89 anni e una energia straordinaria quella messa in scena dalla Libreria Ubik dalla giornalista, scrittrice e fondatrice del Manifesto Luciana Castellina, che insieme al professor Marco Barbieri e a Gemma Pacella ha raccontato il suo ultimo libro “Amori Comunisti”, edizioni Nottetempo, la storia di tre coppie fra Turchia, Creta e Stati Uniti. Intorno a Munewer Andac e Nàzim Hikmet, Arghirò Polichronaki e Nikos Kokovlìs, Sylvia Berman e Robert Thompson l’autrice costruisce una narrazione intessuta di ricordi, Storia e militanza politica.
La scrittrice si è burlata degli editori, quando ha ricordato la “visibile delusione” e lo sbigottimento del tema sugli amori comunisti, che non erano né i suoi né erano i pettegolezzi amorosi del Pci italiano.
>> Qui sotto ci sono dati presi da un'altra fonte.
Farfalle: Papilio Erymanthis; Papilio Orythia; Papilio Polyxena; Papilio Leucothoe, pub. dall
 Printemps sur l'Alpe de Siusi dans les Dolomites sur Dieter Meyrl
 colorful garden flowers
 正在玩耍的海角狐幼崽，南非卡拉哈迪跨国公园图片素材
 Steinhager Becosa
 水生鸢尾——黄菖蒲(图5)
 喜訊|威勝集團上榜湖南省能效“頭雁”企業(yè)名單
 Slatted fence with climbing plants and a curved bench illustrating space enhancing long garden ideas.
“Queste storie le ho conosciute e le ho avute sempre dentro con la voglia di raccontarle. Sono una vetero comunista, sono stufa di parlare e sentire storie sugli errori e sugli orrori del comunismo. Ho voluto parlare anche degli amori, io che sono specialista in separazioni. Da queste storie vien fuori che è difficile far politica con passione senza aver provato un grande amore. È difficile cambiare l’umanità se non hai capito l’amore”.
Secondo Castellina la politica può essere un elemento di grande unità e lo ha ribadito rammentando l’episodio della fidanzata di Luigi Di Maio, che ha deciso di lasciare il leader pentastellato, perché troppo occupato a far politica.
La politica ai suoi tempi e ai tempi delle tre storie narrate univa, rinsaldava l’unione amorosa e gli ideali politici.
Passione, sacrificio, tensione. È questo l’amore delle 3 coppie. La più intensa è quella del poeta, che in un verso scrive: “Io sono stato sempre innamorato”.
“Si è sempre innamorati di una donna, di un’idea. L’amore è una forza sovversiva che rompe gli schemi, ti trascina irreversibile dove non sai, ti induce a non aver paura della totalità”, ha detto ricordando un’epoca nella quale si era disposti a tutto per la politica. Vita pubblica e vita privata coincidevano. In una passione totalizzante, che aveva un forte senso etico, che la Castellina odierna, sempre più vicina al Papa e al cattolicesimo “non butta via”. “Cos’è la politica? È amore per gli altri, don Milani lo ha spiegato. Il mio problema è anche quello degli altri, uscirne tutti insieme è la politica. uscirne da soli è avarizia, il più sordido dei vizi. L’altro è una risorsa critica di me stesso”.
L’ex dirigente comunista ha sfatato anche alcuni luoghi comuni psicologistici sulle donne o alcuni cliché del Pci degli anni Cinquanta e Sessanta, ricordando l’immenso lavoro di Nilde Iotti e di Livia Turco nelle sezioni femminili. “Il gruppo bolscevico non è stato affatto bigotto- ha risposto a chi, citando Gaber, le ha domandato della difficoltà di vivere il privato e gli amori nel Pci- all’inizio c’era una impostazione molto libertaria, il rapporto tra uomo e donna cambia con l’arrivo delle nonne, che servivano per badare ai bambini. Le donne dovevano lavorare e la famiglia diventò la prima cellula, la prima unità produttiva. Lì nasce il perbenismo, che ispirò il Pci anche da noi”.